Futhark — Explicit Fusion Pass
Futhark (a data-parallel functional language) has an explicit fusion pass that combines parallel operations like map, reduce, scan, and filter. Futhark’s fusion is more aggressive than Ori’s — it fuses across parallel boundaries and handles multi-dimensional arrays — because Futhark targets GPUs where eliminating intermediate arrays has massive performance impact.
Polyhedral Compilation
The polyhedral model (used in tools like Polly for LLVM) represents loop nests as polyhedra in integer space and applies affine transformations to fuse, tile, and parallelize loops. This is the most general approach to loop fusion but is limited to affine access patterns and has high compile-time cost. Ori’s pattern-level fusion is far simpler — it handles enumerated combinations rather than arbitrary loop nests.
Design Tradeoffs
Enumerated combinations vs. general fusion rules. Ori enumerates seven specific fusible combinations. An alternative is a general fusion rule system (like GHC’s RULES) that could discover fusion opportunities automatically. The enumerated approach is simpler to implement and verify (each combination has a clear semantic equivalence) but cannot discover novel fusions. The general approach is more powerful but harder to make reliable (rule ordering, termination, correctness).
Ahead-of-time fusion vs. lazy iterators. Ori detects and rewrites fusion at the AST level. An alternative is Rust’s approach: make all collection operations lazy by default (returning iterator adapters) and let the final consumer drive evaluation. Lazy iterators achieve fusion without compiler support but change the programming model (every operation returns an iterator, explicit .collect() needed). Ori keeps the eager, list-producing semantics at the source level and applies fusion as an optimization.
Infrastructure-first development.

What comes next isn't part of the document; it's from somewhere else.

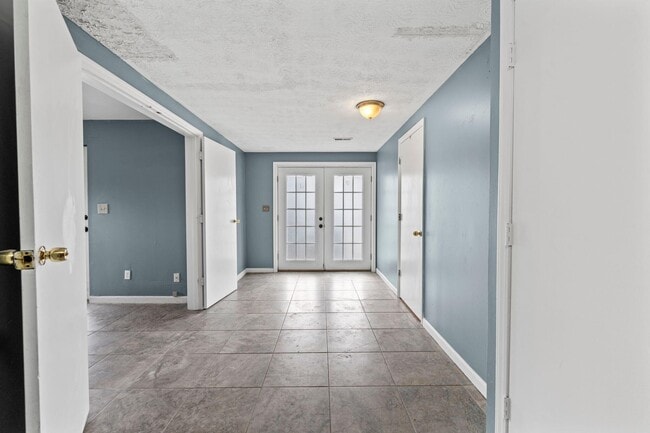 Building Photo - 1116 Shagbark Ln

The fusion data structures and evaluation logic exist before the patterns they would optimize. This is a deliberate investment: when collection operations become fusible (either as patterns or through method-chain optimization), the infrastructure is ready. The tradeoff is carrying code that isn’t yet connected to active evaluation, which adds to the codebase without providing immediate user-facing benefit.
Side effect restrictions. Fusion is only correct for pure operations. If a map function logs each element, fusing with a filter would suppress logging for filtered elements — changing observable behavior. Ori’s fusion infrastructure assumes purity, which is sound for the targeted use cases (mathematical transformations) but limits applicability to side-effectful pipelines.